Exercise instructions: Copy, word for word, the lines of the listing below from the line with "CEINTURE CARDIO" up to and including the line with "Used 2013 AT". Drop the pictures.

Exercise data:
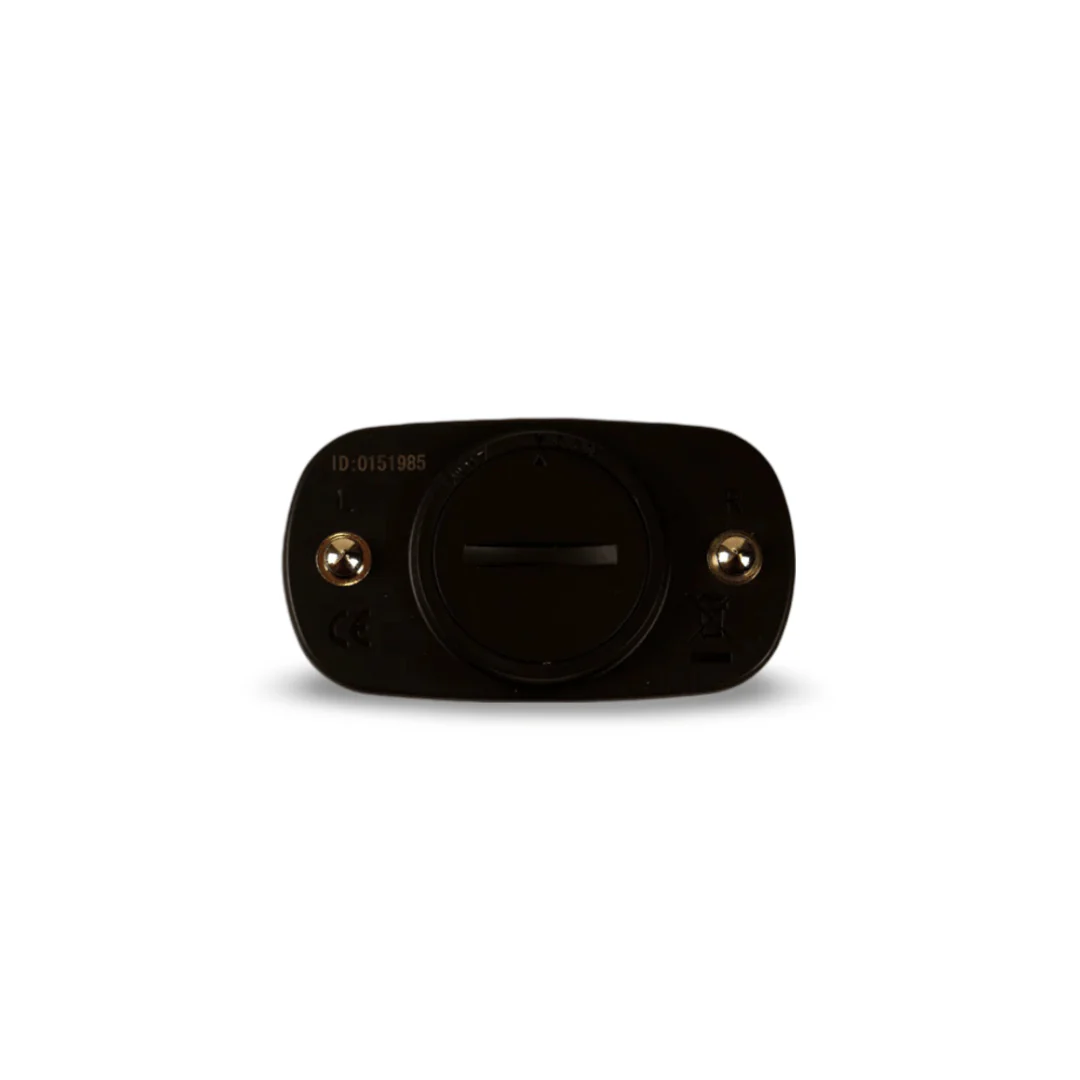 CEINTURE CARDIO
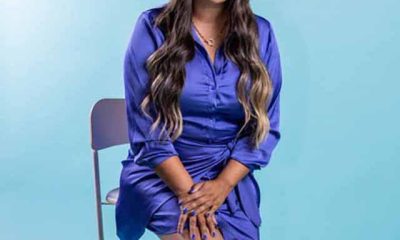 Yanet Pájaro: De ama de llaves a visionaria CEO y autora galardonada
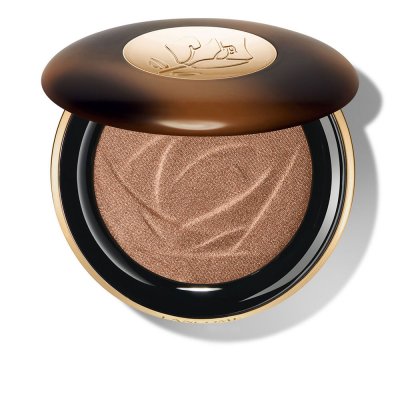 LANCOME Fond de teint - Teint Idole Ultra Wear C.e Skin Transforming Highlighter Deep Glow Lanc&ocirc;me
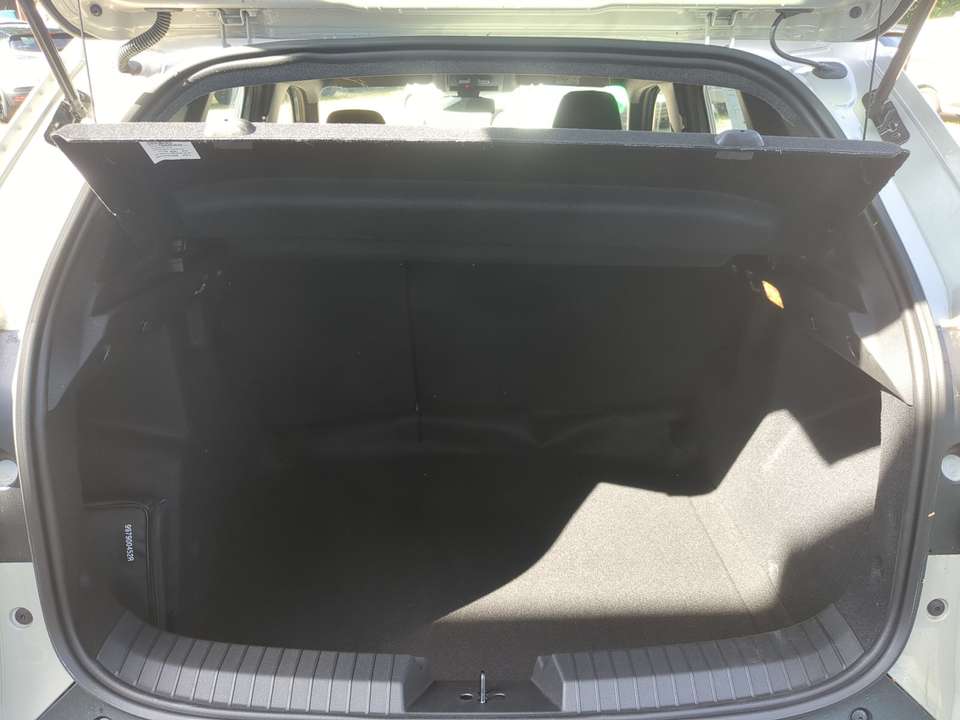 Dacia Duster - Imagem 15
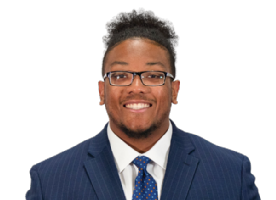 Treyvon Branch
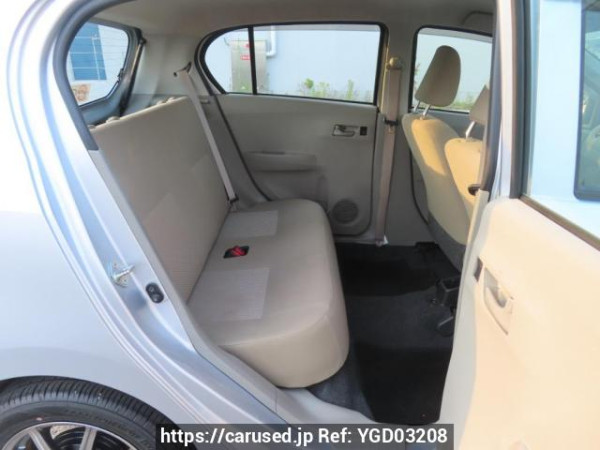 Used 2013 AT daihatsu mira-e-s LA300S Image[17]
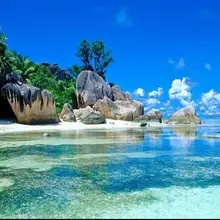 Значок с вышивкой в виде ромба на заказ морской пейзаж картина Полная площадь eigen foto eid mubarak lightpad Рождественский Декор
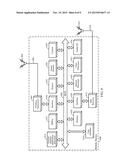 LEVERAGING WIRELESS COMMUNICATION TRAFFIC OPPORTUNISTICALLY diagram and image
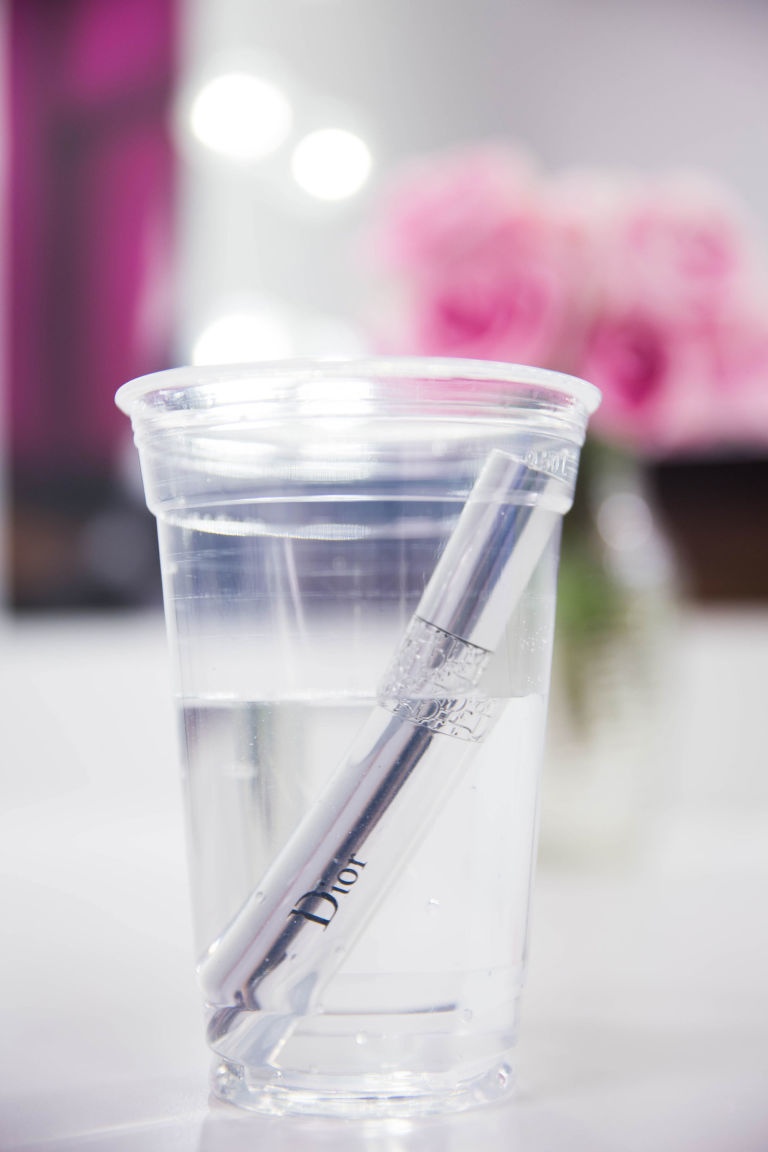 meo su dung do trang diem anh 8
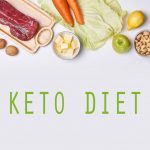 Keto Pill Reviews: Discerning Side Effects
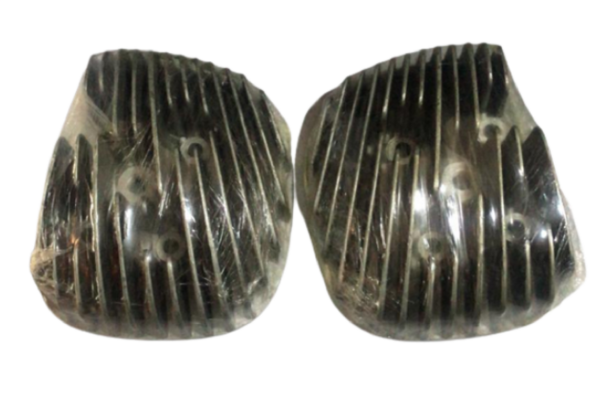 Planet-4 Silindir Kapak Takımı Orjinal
* * *
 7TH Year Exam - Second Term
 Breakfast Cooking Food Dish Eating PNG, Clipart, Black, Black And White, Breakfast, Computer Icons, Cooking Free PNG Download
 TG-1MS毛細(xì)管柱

Solution:
 CEINTURE CARDIO
 Yanet Pájaro: De ama de llaves a visionaria CEO y autora galardonada
 LANCOME Fond de teint - Teint Idole Ultra Wear C.e Skin Transforming Highlighter Deep Glow Lanc&ocirc;me
 Dacia Duster - Imagem 15
 Treyvon Branch
 Used 2013 AT daihatsu mira-e-s LA300S Image[17]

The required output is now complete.